As Henry County continues to grow, adding more subdivisions and more residents, the people who live here are getting more involved in local government. They want to know what's going on around them and why these things are happening. They have realized they have the power to influence elected officials and thus lend a hand in painting the picture of Henry County.

Judy Neal, executive director of the Henry Council for Quality Growth, called me last week with one of her great ideas. She'd like to extend an invitation to homeowners associations in Henry County to participate in the Council for Quality Growth and discuss ways to take action in an organized, efficient manner.

Neal's idea isn't really about raising funds or increasing membership on the Council for Quality Growth. Rather, it's a way for a strong force in our community – homeowners – to learn how to flex their collective muscles. Homeowners associations have a lot of power. When they unite in a large group to oppose or advocate an issue before the county commission or city council, their voices are heard, and often it makes a difference that affects much of the population of our county.

Recently large groups have organized to voice their opinions on annexation issues before the McDonough City Council and the proposed Flippen Road extension before the Henry County Board of Commissioners. With the support and guidance of a group like the Henry Council for Quality Growth, homeowners associations could expand their resources and provide more informative presentations.

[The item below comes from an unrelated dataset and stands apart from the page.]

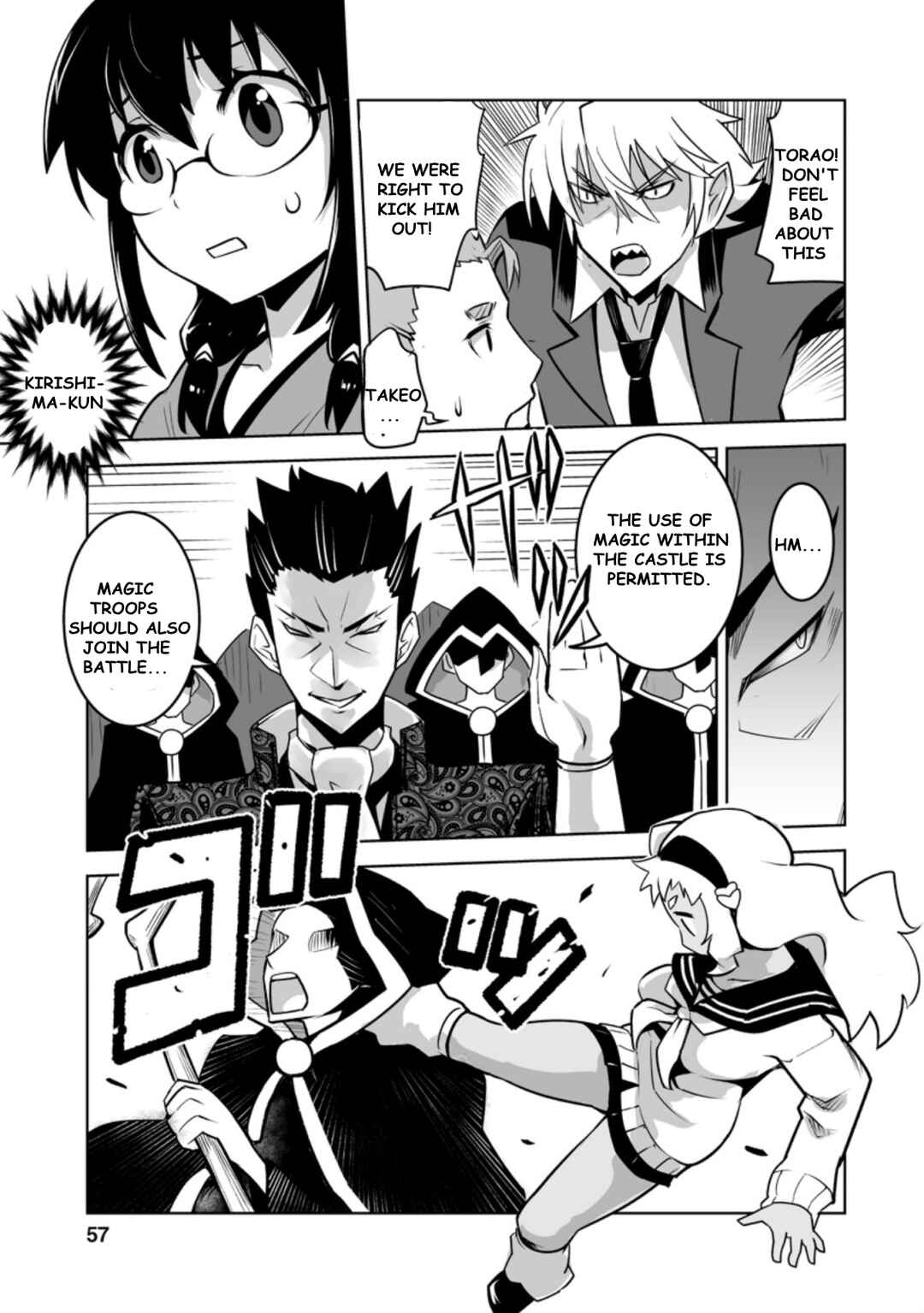 Page 3 Chapter 22.3 Class Teni de Ore dake Haburareta no de, Doukyuusei Harem Tsukuru Koto ni shita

This is not to say that our local homeowners don't know what they're doing and could use some help. In recent months, plenty of these homeowners have done an impressive amount of research and have spoken quite eloquently before our boards. But it might help to organize a little and share ideas with other homeowners and community leaders who have made quality growth one of their top priorities.

Collaboration is one of the keys to making Henry County a better place to live. Two are better than one, and if we can work together, share ideas and strengthen our support or opposition for an issue, we can really make a difference.